Opinion
2014-01-3
Appeal from a judgment of the Genesee County Court (Robert C. Noonan, J.), rendered May 3, 2012. The judgment convicted defendant, upon his plea of guilty, of driving while intoxicated, a class E felony, criminal possession of a weapon in the fourth degree and obstructing governmental administration in the second degree. David J. Pajak, Alden, for Defendant–Appellant. Lawrence Friedman, District Attorney, Batavia (William G. Zickl of Counsel), for Respondent.
Appeal from a judgment of the Genesee County Court (Robert C. Noonan, J.), rendered May 3, 2012. The judgment convicted defendant, upon his plea of guilty, of driving while intoxicated, a class E felony, criminal possession of a weapon in the fourth degree and obstructing governmental administration in the second degree.

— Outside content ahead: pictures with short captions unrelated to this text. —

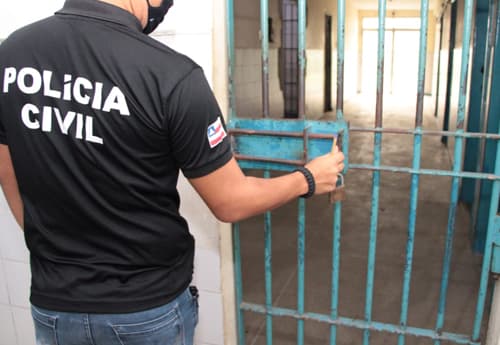 Homem é preso após fazer companheira e filho reféns no norte da Bahia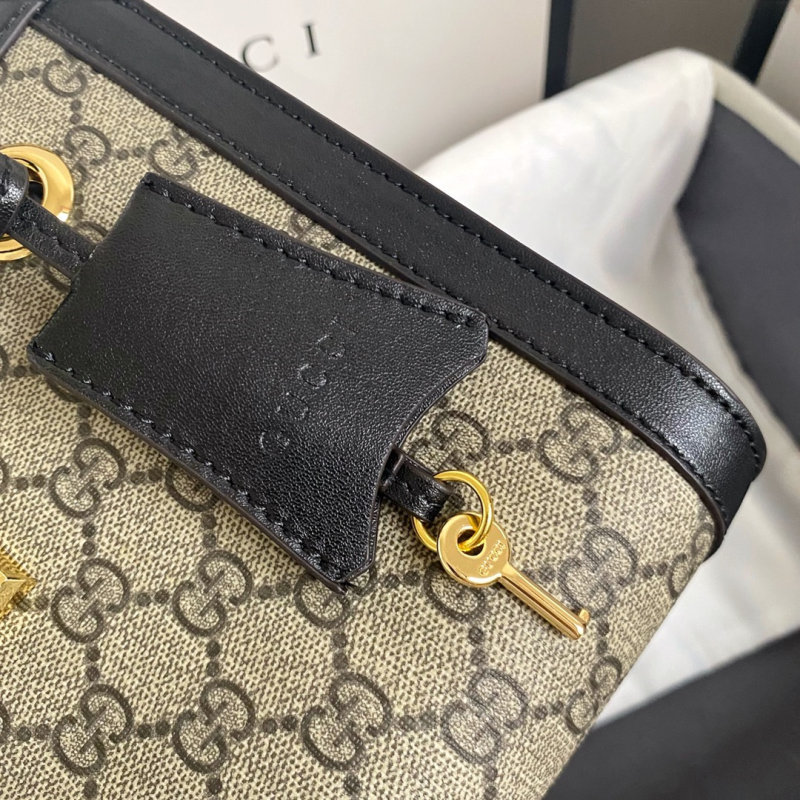 古驰GUCCI古奇 女包  Gucci padlock系列锁扣双肩带肩背包 479197 498156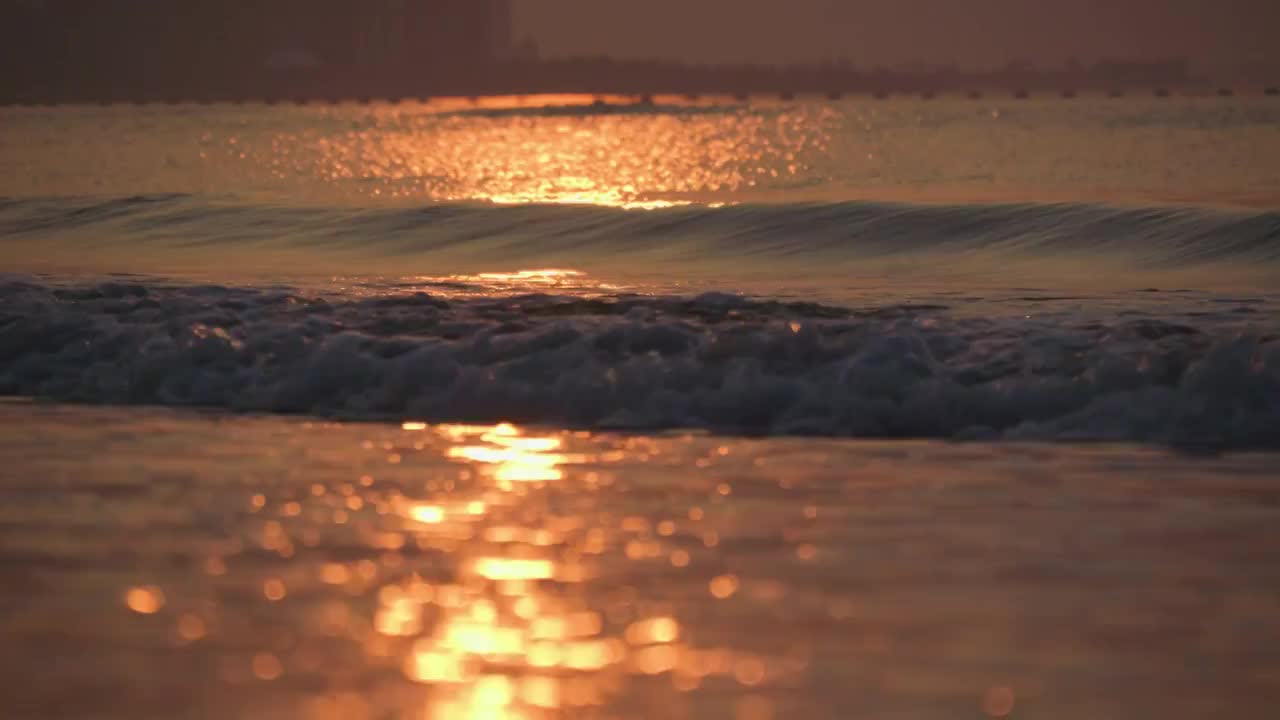 太阳在海面冉冉升起视频素材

David J. Pajak, Alden, for Defendant–Appellant. Lawrence Friedman, District Attorney, Batavia (William G. Zickl of Counsel), for Respondent.
MEMORANDUM:
Defendant appeals from a judgment convicting him upon his plea of guilty of, inter alia, felony driving while intoxicated (Vehicle and Traffic Law §§ 1192[3]; 1193[1][c][i] ). Pursuant to the plea agreement, County Court agreed to release defendant under supervision and to adjourn sentencing in order to afford defendant an opportunity to undergo a drug treatment program. If defendant successfully completed the program, the court would permit defendant to withdraw his plea and substitute therefor a plea of guilty to misdemeanor driving while intoxicated. If, however, defendant failed to complete the program successfully or otherwise violated the terms and conditions of his release, the court would sentence defendant to a term of incarceration. After defendant was unsuccessfully discharged from drug treatment, the court sentenced defendant to an indeterminate term of incarceration. Defendant failed to preserve for our review his contention that the court abused its discretion in determining that he had violated the terms of his release inasmuch as he did not request a hearing on that issue, nor did he move to withdraw his plea or to vacate the judgment of conviction ( see People v. Malaj, 69 A.D.3d 487, 487–488, 894 N.Y.S.2d 31, lv. denied15 N.Y.3d 776, 907 N.Y.S.2d 464, 933 N.E.2d 1057; People v. Saucier, 69 A.D.3d 1125, 1125–1126, 892 N.Y.S.2d 684). Contrary to the further contention of defendant, the court did not “reject” the plea agreement. Rather, the court properly sentenced defendant to a term of incarceration when defendant failed to abide by the conditions of his plea and supervised release and, indeed, acknowledged that he had been unsuccessfully discharged from a residential drug treatment placement ( see People v. Valencia, 3 N.Y.3d 714, 715, 786 N.Y.S.2d 374, 819 N.E.2d 990; Malaj, 69 A.D.3d at 488, 894 N.Y.S.2d 31; People v. Casey R.B., 35 A.D.3d 1200, 1201, 825 N.Y.S.2d 887, lv. denied 8 N.Y.3d 920, 834 N.Y.S.2d 510, 866 N.E.2d 456).
Finally, defendant's sentence is not unduly harsh or severe.
It is hereby ORDERED that the judgment so appealed from is unanimously affirmed. CENTRA, J.P., PERADOTTO, CARNI, LINDLEY, and VALENTINO, JJ., concur.